Все это Бродский находил у своих любимых американских поэтов, в первую очередь — у Фроста. Рассуждая о нем, он — попутно — объяснил, в чем видит разницу между английскими и американскими стихами. Видя дерево, говорил Бродский, британский поэт вспоминает, какой король под ним сидел. Американский поэт, тот же Фрост, общается с деревом на равных — вне исторических аллюзий. Это — поэзия Нового Света, и Бродский никогда не забывал, что он — новый и голос природы в нем еще не так заглушен культурой. Об этом — поэма «Колыбельная Трескового Мыса», в которой поэт открывает свою Америку.
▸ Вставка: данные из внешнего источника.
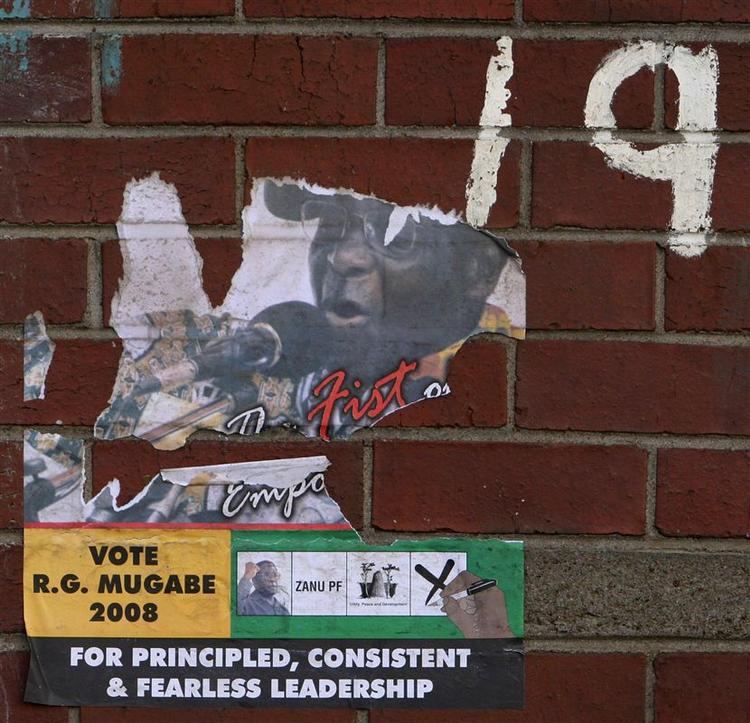 En ødelagt valgplakat med præsident Mugabe i Zimbabwes hovedstad, Harare.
Прологом к ней, однако, стали не политика с поэзией, а Голливуд.
«Мы вышли все на свет из кинозала», — писал Бродский. И показывали там американские фильмы. Открывая Тарзаном историю советского свободомыслия, Бродский продолжал ее классическими вестернами. Молодому Бродскому, рассказывали мне его друзья, ужасно хотелось, как это делают в кино ковбои, зажигать спички, чиркая их об джинсы. (Джинсы эти, кстати, ему прислал Набоков, чем и ограничился контакт двух кумиров русско-американской литературы.) Образцовым вестерном, как и целое поколение советских зрителей, Бродский считал «Великолепную семерку», особенно ему нравилась та роль, которую играл в фильме его любимый актер Стив МакКуин. Лев Лосев, друг и лучший интерпретатор Бродского, пишет, каким поэт видел актера: «Экзистенциалист и стоик в одном лице, он невозмутим, как Марк Аврелий, и „живет опасно“, как того требует Ницше. Он, пользуясь американским сленгом, „cool“».
Это непереводимое, трудноописуемое, но легкоузнаваемое свойство отвечало требованиям Бродского ко всякому искусству. Хваля что-то, он часто говорил: «цвета воды».
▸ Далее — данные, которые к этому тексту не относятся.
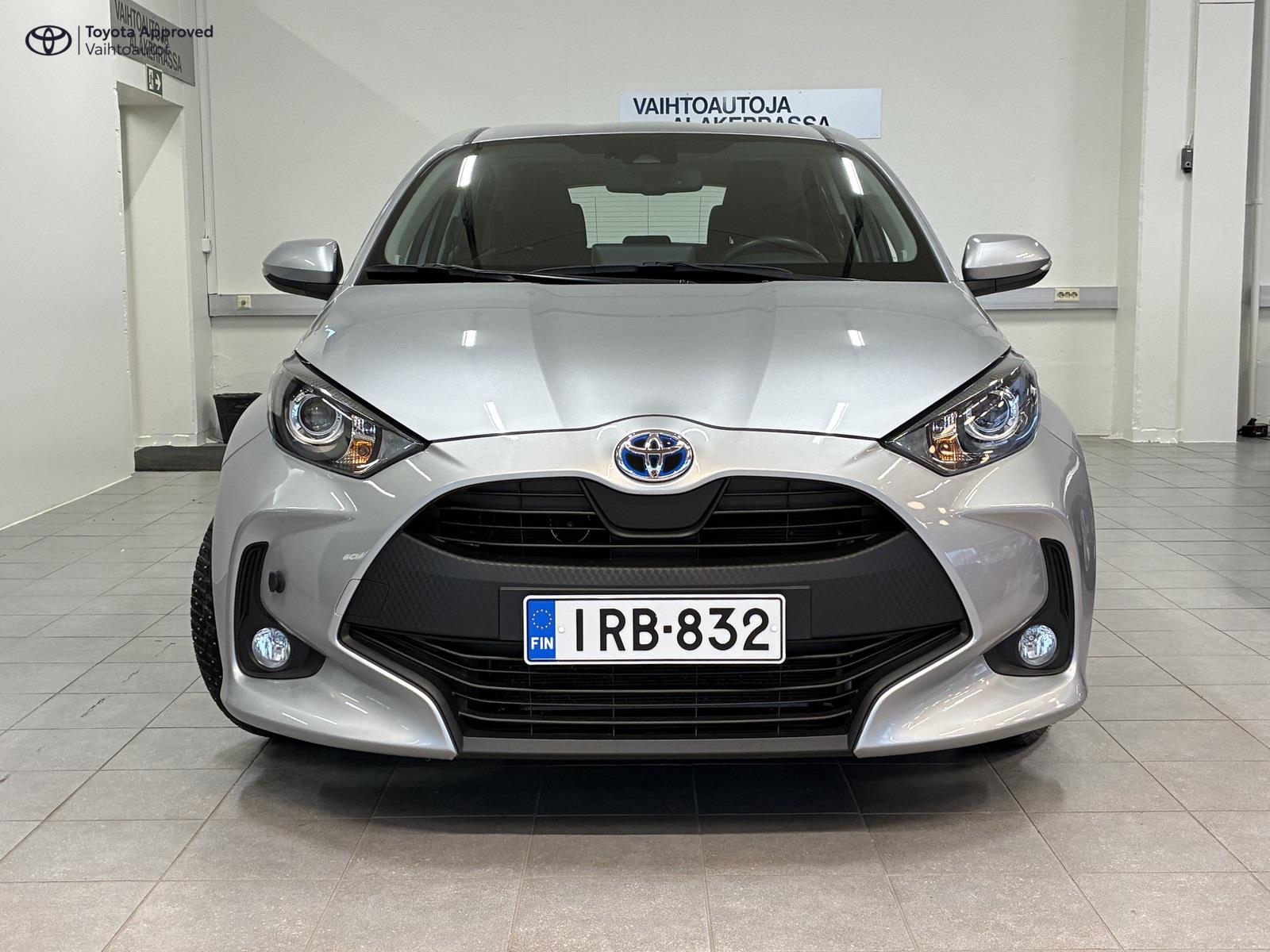 Toyota Yaris 2023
Поселившись на Мортон-стрит, Бродский вел жизнь нью-йоркского интеллектуала: часто выступал, читал лекции, сражался в журналах и на митингах. Он был настолько яркой фигурой, что его друг и соратник Сьюзен Зонтаг на приеме в ПЕН-клубе, посвященном присуждению Бродскому Нобелевской премии, назвала его «любимым лауреатом» города, в котором этих лауреатов было немало.